De mon point de vue, s’il n’est pas en l’état possible de prédire avec certitude ce que ces nouveaux paradigmes apporteront, il est indispensable de les explorer pour le savoir, quitte à se tromper ou à ne pas en retirer ce que l’on attendait.
L’informatique quantique a vocation en l’état à devenir un complément et non un substitut, permettant de résoudre des choses que nous n’avons pas encore su résoudre, notamment en raison de problèmes d’échelle, qu’on ne peut pas traiter sur des machines classiques. La plupart des problèmes induisant un fort enjeu d’optimisation pourraient être impactés. Mais attention, on ne traitera pas tous les problèmes avec le calcul quantique. Le calcul quantique n’opère pas de calcul sur les données mais sur les états des particules.
Enfin, je tiens à souligner ici que le rôle de GENCI pour le déploiement de cette révolution en France et en Europe a été et demeure déterminant, dans l’approche HPC-IA/QC notamment.
Précisément, comment décririez-vous le rôle de GENCI et votre expérience ici ?
GENCI est un organe essentiel pour la recherche française et européenne. Il a un rôle de leadership au même titre que de très gros centres de recherche en Europe en assurant non seulement la mise à disposition de moyens de calculs traditionnels comme le HPC mais aussi de moyens de calcul innovants pour les chercheurs comme l’IA et le quantique. Cela est crucial pour permettre à nos chercheurs/développeurs de s’approprier ces instruments et méthodes qui permettront d’étendre les champs des possibles découvertes de demain. Mais la force de GENCI, c’est aussi l’humain, par un état d’esprit, par sa relation avec les centres de calcul et tous les acteurs d’un écosystème qui comprend des chercheurs, des développeurs, des fournisseurs, des startups, des académiques, des industriels, les pouvoirs publics, les organismes scientifiques, les étudiants…

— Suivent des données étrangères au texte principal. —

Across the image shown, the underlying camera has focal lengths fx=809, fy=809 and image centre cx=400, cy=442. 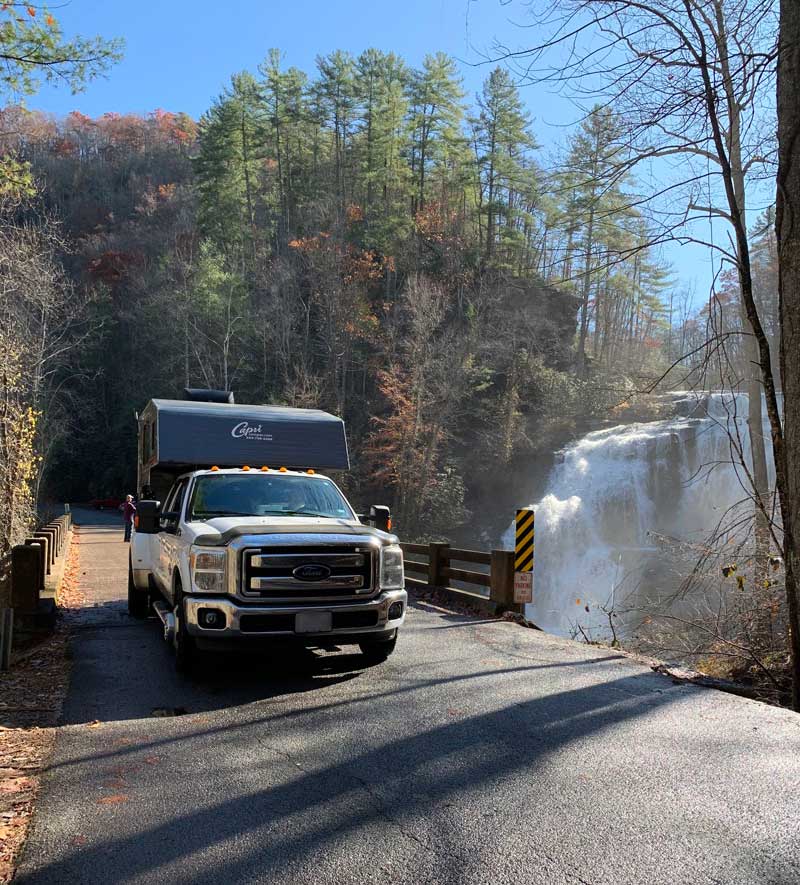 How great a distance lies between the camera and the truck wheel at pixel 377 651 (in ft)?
26.1

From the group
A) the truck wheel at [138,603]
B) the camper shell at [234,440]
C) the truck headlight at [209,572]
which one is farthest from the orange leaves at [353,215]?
the truck headlight at [209,572]

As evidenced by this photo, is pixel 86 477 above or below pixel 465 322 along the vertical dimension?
below

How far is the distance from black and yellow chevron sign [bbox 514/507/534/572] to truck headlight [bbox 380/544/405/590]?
4.68 metres

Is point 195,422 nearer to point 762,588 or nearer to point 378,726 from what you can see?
point 378,726

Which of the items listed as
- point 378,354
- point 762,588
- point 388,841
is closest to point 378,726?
point 388,841

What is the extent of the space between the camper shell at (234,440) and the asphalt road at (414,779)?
4.02 meters

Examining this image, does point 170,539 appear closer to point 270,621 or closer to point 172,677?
point 172,677

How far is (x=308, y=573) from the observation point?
23.9 feet

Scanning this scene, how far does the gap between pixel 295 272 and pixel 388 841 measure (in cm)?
5092

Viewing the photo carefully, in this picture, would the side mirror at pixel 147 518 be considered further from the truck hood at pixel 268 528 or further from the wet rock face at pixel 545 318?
the wet rock face at pixel 545 318

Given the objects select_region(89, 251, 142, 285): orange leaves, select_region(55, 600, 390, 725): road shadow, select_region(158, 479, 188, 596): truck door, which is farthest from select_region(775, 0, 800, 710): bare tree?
select_region(89, 251, 142, 285): orange leaves

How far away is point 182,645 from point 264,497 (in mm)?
1961

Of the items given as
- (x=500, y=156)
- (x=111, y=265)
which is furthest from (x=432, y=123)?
(x=111, y=265)

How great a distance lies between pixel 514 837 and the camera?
Answer: 3.94m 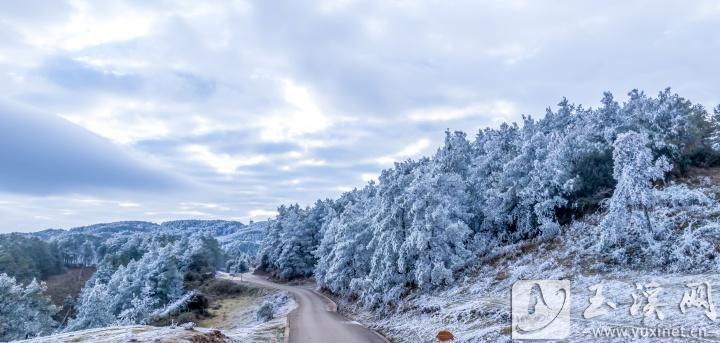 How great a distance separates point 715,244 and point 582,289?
765 cm

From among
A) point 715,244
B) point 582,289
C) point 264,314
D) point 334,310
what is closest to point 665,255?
point 715,244

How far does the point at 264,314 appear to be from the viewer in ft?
135

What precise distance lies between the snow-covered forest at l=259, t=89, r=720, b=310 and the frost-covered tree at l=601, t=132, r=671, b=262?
0.06m

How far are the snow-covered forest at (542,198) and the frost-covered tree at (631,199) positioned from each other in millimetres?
64

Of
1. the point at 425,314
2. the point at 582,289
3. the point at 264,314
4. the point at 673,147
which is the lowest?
the point at 264,314

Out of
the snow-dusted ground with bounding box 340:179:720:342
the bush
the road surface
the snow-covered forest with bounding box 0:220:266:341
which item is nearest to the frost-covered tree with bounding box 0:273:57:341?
the snow-covered forest with bounding box 0:220:266:341

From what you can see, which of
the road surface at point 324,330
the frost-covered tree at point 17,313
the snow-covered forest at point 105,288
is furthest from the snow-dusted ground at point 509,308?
the frost-covered tree at point 17,313

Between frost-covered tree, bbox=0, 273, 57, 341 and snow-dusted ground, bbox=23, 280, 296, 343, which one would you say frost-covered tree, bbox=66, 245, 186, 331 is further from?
snow-dusted ground, bbox=23, 280, 296, 343

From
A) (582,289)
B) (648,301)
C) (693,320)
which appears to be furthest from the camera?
(582,289)

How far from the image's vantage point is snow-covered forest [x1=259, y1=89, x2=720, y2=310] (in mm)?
23781

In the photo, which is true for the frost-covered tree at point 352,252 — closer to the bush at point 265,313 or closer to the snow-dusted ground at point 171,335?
the bush at point 265,313

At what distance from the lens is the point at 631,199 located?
930 inches

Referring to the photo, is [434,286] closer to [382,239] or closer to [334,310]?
[382,239]

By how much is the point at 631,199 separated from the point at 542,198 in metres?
12.9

Il est nécessaire dans notre domaine d’être créatif et en permanence à l’affut des besoins de chercheurs, jusqu’à être initiateur voire pionnier. En ce sens, GENCI a été l’une des premières entités en Europe, pour ne pas dire la première, à donner les moyens aux chercheurs académiques et industriels de travailler avec les méthodes et les outils de l’intelligence artificielle convergée avec le HPC. Il l’est également en participant au programme national HQI, en supportant l’implémentation de la révolution quantique, en France, et aussi en Europe.
J’ai eu l’immense chance pendant 3 ans de participer à la mise en œuvre de la feuille de route de GENCI sur l’ensemble de ces sujets et d’être au plus prêt des utilisateurs pour mieux comprendre leurs besoins. Aujourd’hui, j’ai abordé une autre facette de cette chaîne de valeur : le monde du semi-conducteur qui est au cœur des technologies de calcul.
Vous avez participé à un projet ayant récemment reçu le prix Gordon Bell. Quel est ce projet ? Quels sont ses impacts ? Qu’est-ce-que le prix Gordon Bell ?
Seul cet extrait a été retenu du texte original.